→ Records:
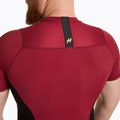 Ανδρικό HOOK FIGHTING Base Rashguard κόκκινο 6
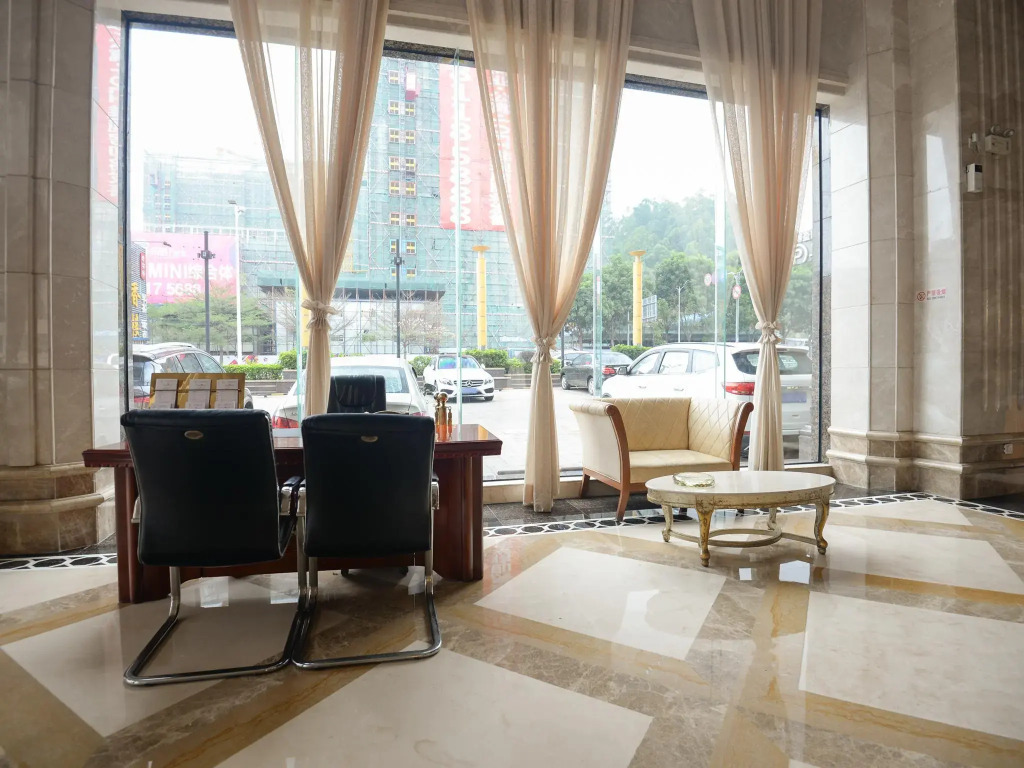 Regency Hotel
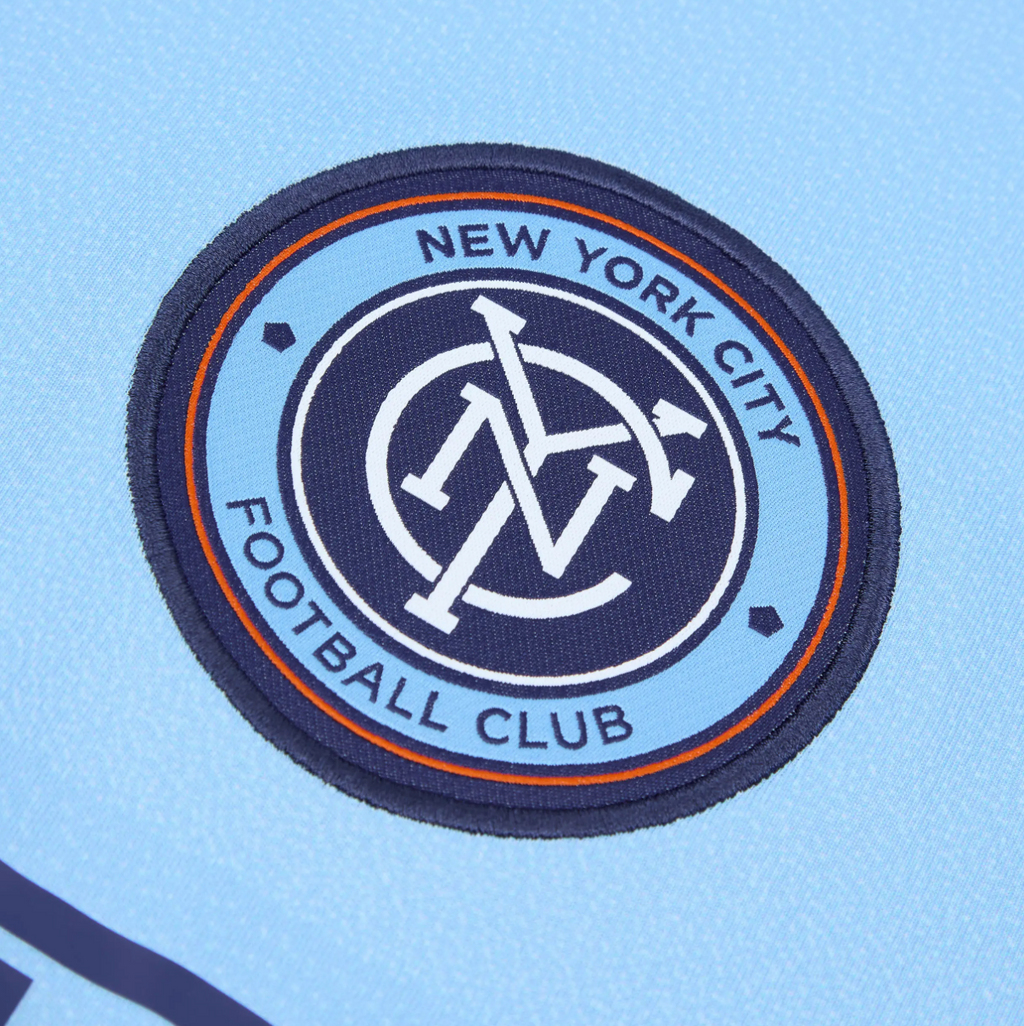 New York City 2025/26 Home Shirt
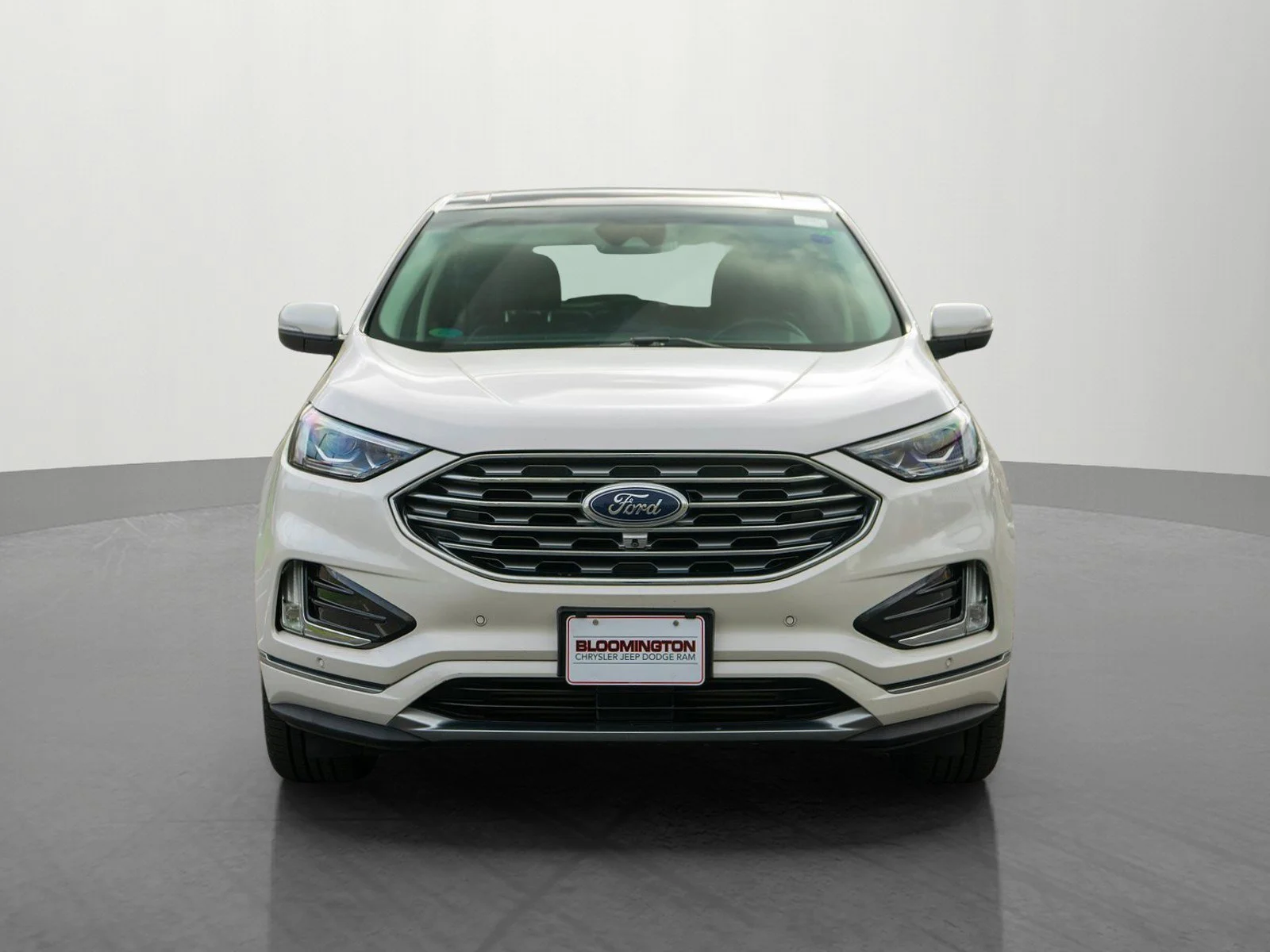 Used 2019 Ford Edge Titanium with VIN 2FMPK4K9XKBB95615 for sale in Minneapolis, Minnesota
---
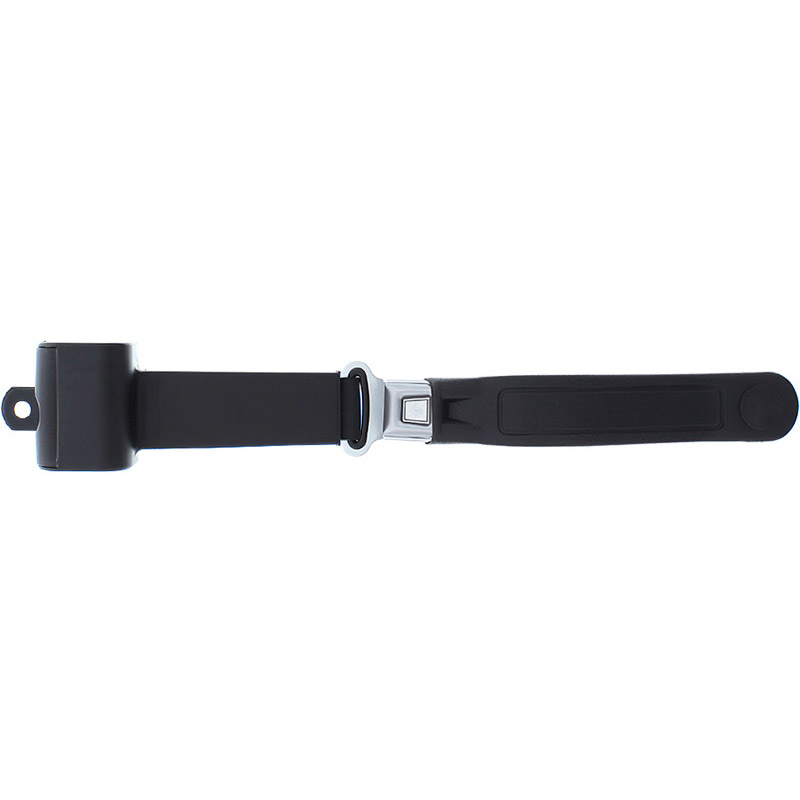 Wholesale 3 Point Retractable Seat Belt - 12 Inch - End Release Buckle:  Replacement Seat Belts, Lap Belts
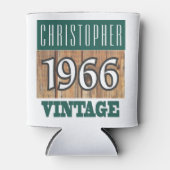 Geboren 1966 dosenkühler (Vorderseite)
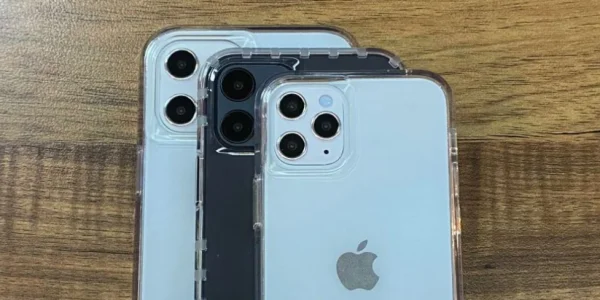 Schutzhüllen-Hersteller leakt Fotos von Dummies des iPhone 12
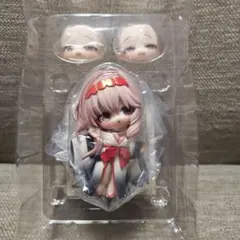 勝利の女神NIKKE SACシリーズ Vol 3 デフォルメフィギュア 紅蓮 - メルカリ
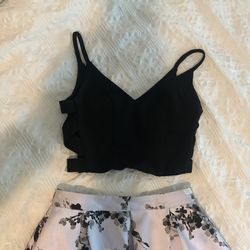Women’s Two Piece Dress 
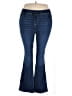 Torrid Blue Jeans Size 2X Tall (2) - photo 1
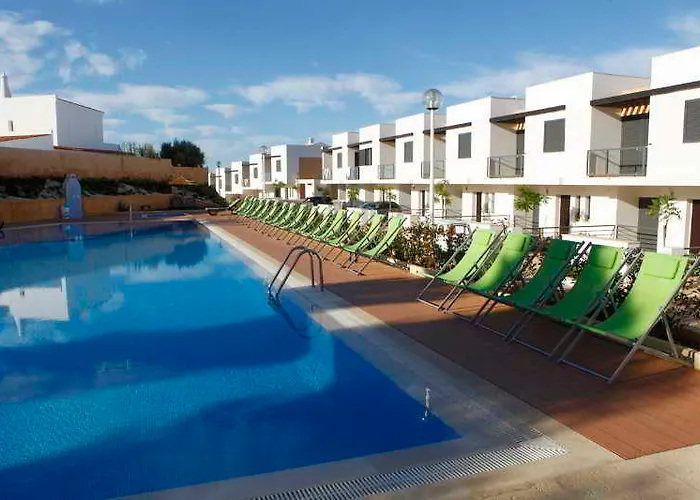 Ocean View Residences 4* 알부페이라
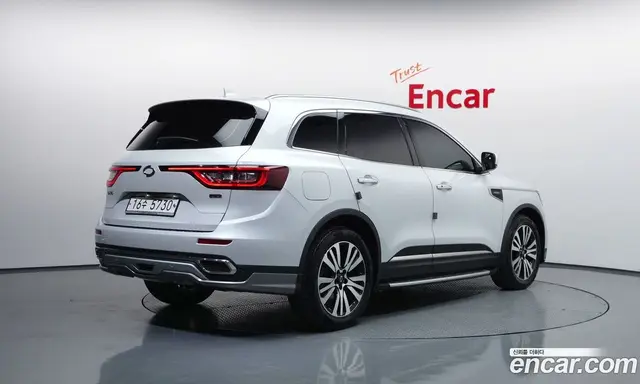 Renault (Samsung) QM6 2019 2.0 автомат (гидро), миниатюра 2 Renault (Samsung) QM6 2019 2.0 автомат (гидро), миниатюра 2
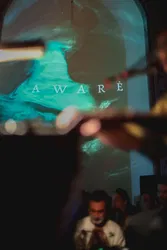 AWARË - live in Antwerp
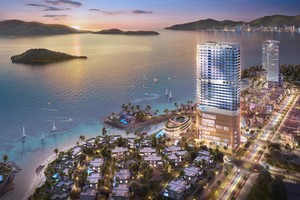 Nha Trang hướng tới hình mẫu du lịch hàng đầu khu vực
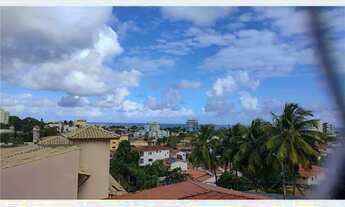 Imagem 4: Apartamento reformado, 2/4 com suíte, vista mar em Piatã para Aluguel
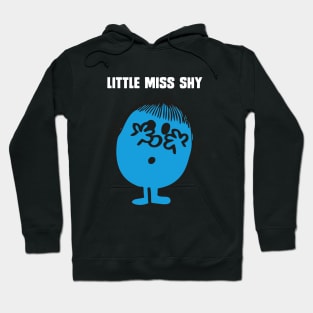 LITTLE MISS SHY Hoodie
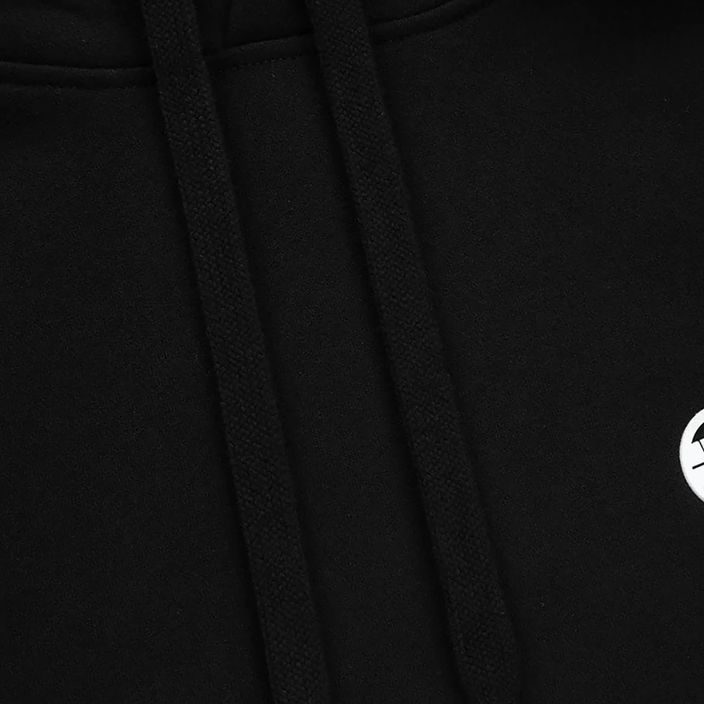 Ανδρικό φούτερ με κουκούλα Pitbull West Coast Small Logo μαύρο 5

→ What you should do:
Copy exactly the lines of the listing above between the one holding "Imagem 4: Apartamento" and the one holding "Ανδρικό φούτερ με", inclusive; omit all pictures.

→ Response to this exercise:
 Imagem 4: Apartamento reformado, 2/4 com suíte, vista mar em Piatã para Aluguel
 LITTLE MISS SHY Hoodie
 Ανδρικό φούτερ με κουκούλα Pitbull West Coast Small Logo μαύρο 5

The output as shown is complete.